Incan male nude figure. Source: Metropolitan Museum of Art / Public Domain.

The Gods of Life and Death

Mesoamerican cultures had several gods and goddesses associated with fertility and virility, reflecting the importance they placed on agricultural abundance, procreation, and the continuation of life. These deities were revered and worshiped through various rituals and offerings. And, not at all surprisingly, these creatures - and the art related to them - were often accompanied by  vulvas and phalluses, clearly presenting their roles.

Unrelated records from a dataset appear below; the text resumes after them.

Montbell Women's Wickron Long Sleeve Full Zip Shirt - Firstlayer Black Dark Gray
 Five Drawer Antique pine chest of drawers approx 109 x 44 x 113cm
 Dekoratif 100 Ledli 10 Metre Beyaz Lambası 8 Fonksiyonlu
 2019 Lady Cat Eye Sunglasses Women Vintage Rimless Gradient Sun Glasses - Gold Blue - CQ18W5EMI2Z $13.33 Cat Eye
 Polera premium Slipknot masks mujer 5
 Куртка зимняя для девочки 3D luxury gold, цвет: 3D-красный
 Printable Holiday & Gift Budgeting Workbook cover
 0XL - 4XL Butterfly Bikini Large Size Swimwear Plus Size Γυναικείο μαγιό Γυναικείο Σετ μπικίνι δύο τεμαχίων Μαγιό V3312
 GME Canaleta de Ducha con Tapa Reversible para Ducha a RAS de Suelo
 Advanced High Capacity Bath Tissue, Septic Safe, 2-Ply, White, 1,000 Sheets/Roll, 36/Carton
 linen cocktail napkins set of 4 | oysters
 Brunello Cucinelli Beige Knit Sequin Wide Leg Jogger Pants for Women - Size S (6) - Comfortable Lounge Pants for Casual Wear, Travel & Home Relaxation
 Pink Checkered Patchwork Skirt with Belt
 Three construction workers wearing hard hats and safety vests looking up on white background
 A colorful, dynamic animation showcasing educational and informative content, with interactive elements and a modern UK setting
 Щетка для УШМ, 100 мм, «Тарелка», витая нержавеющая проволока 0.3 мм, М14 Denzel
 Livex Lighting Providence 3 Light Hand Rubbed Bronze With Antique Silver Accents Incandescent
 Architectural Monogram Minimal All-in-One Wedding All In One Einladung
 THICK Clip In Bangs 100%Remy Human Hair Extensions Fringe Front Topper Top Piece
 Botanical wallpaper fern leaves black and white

Xochiquetzal was one such deity - an Aztec goddess associated with fertility, beauty, and female sexuality. She was often depicted as a youthful and graceful woman adorned with flowers and a vibrant attire. Xochiquetzal presided over love, art, weaving, and childbirth. She played a crucial role in promoting fertility among humans and ensuring the health of women during pregnancy and childbirth. Xochiquetzal was highly revered by both men and women, and her worship included offerings of flowers, music, dance, and colorful textiles.

Xochiquetzal, from the Codex Rios, 16th century. (Public domain)

Xochiquetzal, from the Codex Rios, 16th century. (Public domain)

Fertility, however, has many aspects.  Tlaloc was an Aztec god associated with rain, fertility, and agriculture. He was believed to control the water cycle and was revered as the provider of rain, essential for crop growth and prosperity.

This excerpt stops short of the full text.